Heroin addicts will destroy all of their personal and professional relationships if they do not get help at a professional heroin addiction rehab center, like Oceanfront in Orange County.

Heroin in the Brain

Your brain has specific pathways that are designed to respond to opiate drugs like heroin and substances with similar chemical structures. Your body even produces some of its own similar substances, often referred to as endogenous opioids — one common example is endorphins, which are produced when you do things that make you feel good like exercising, laughing or taking a hot bath. These pathways regulate feelings of pain and pleasure and help give your brain and body a sense of reward when you do something healthy or enjoyable.

When you use heroin, it works with these pathways in your brain to block pain and make you feel calm and happy. At first, using heroin gives you the same sense of rewarding pleasure that naturally enjoyable activities do. This trains your brain to want heroin — the first stage of addiction, known as cravings.

As you continue to use heroin, the drug floods your brain with more of the drug than it is built to process. Other pathways in your brain become reprogrammed to respond to heroin and other opiate-like substances. But after the drug wears off, these pathways are left empty — your body doesn’t produce enough of its natural chemicals to use them. As your brain struggles to fill the void, you experience the uncomfortable “comedown” after a high. Over time, the building up of these pathways has the effect of requiring you to use more and more heroin each time so that you can keep up with your brain’s increasingly higher capacity — this process is known as building a tolerance.

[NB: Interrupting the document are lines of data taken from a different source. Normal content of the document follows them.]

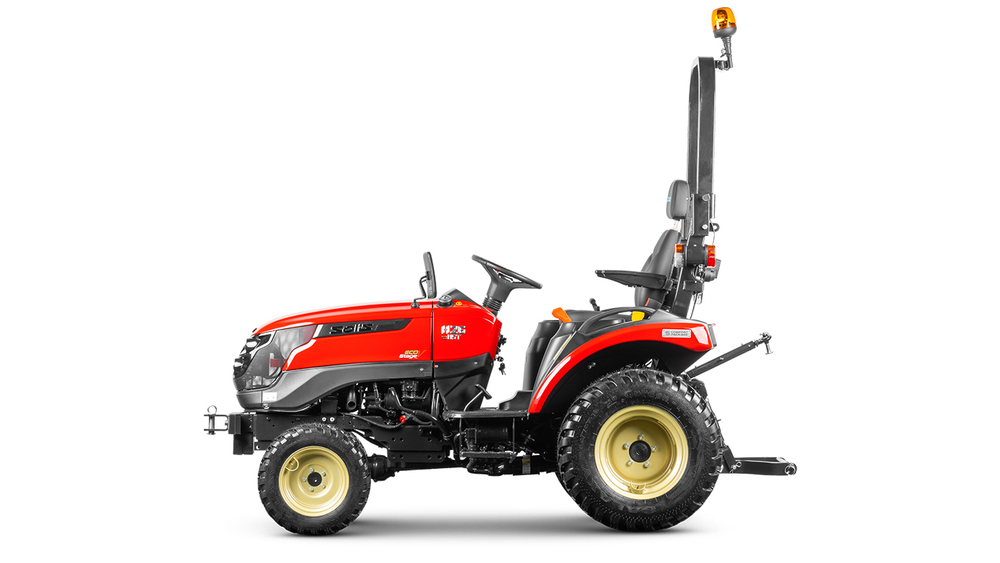 Трактор Solis-Gold | Солис-Голд 26 Mit 4x4 HST Galaxy PRO 220-55 R12 / 280-70 R16 (с ПСМ)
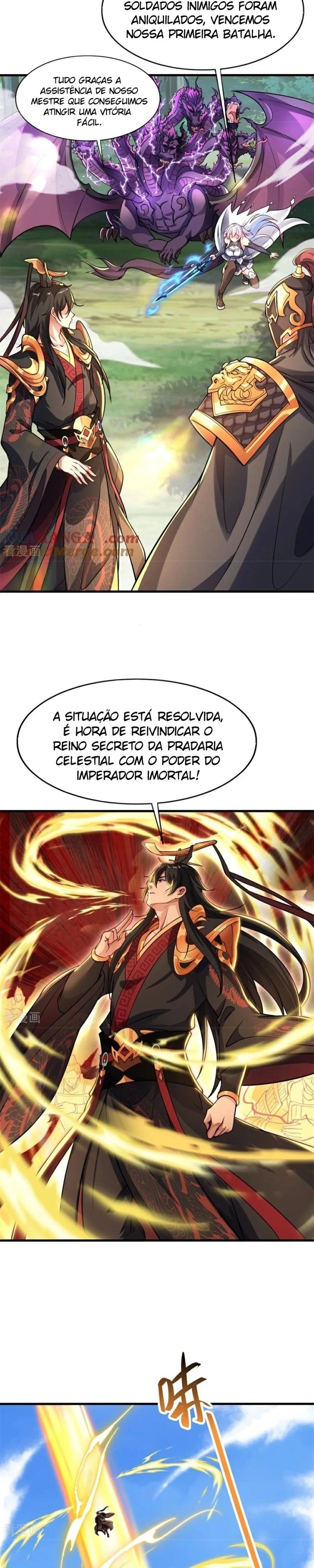 O Imperador Qin retorna! Eu sou o Imortal Eterno Imperador Imortal Capitulo 10 Pagina 15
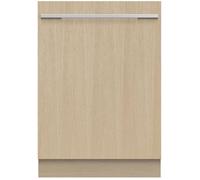 Fisher & Paykel DW60U4HI2 Built In Dishwasher - 16 Place Settings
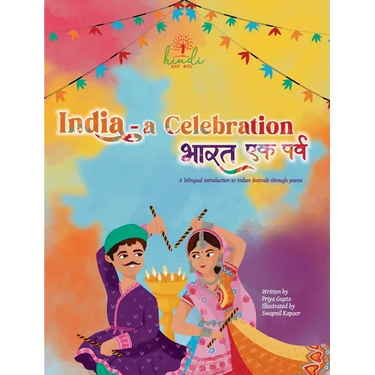 India - A Celebration: A bilingual introduction to Indian festivals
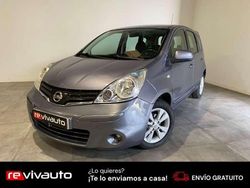 Gris Usado 2011 Nissan Note Acenta+ Monovolumen | 6590 € (Precio justo)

As your tolerance increases, your brain becomes even more accustomed to the happiness and pleasure you feel when you are high. Your natural happiness and pleasure pathways suffer, and it becomes difficult for you to feel normal without drugs. In the times in between your highs, you will begin to notice withdrawal symptoms like depression, anxiety, and irritability. As heroin use continues toward addiction, these symptoms will spread to your body and you may experience nausea, vomiting, chills, sweating, muscle spasms, anxiety, sleep disturbances, and hallucinations. Because these withdrawal symptoms are so fierce, heroin addicts often become desperate to get more heroin, in many cases resorting to illegal measures. Those who are fully addicted to heroin will begin to destroy their livelihoods, their health, and their personal and professional relationships as their focus narrows to only achieving their next high.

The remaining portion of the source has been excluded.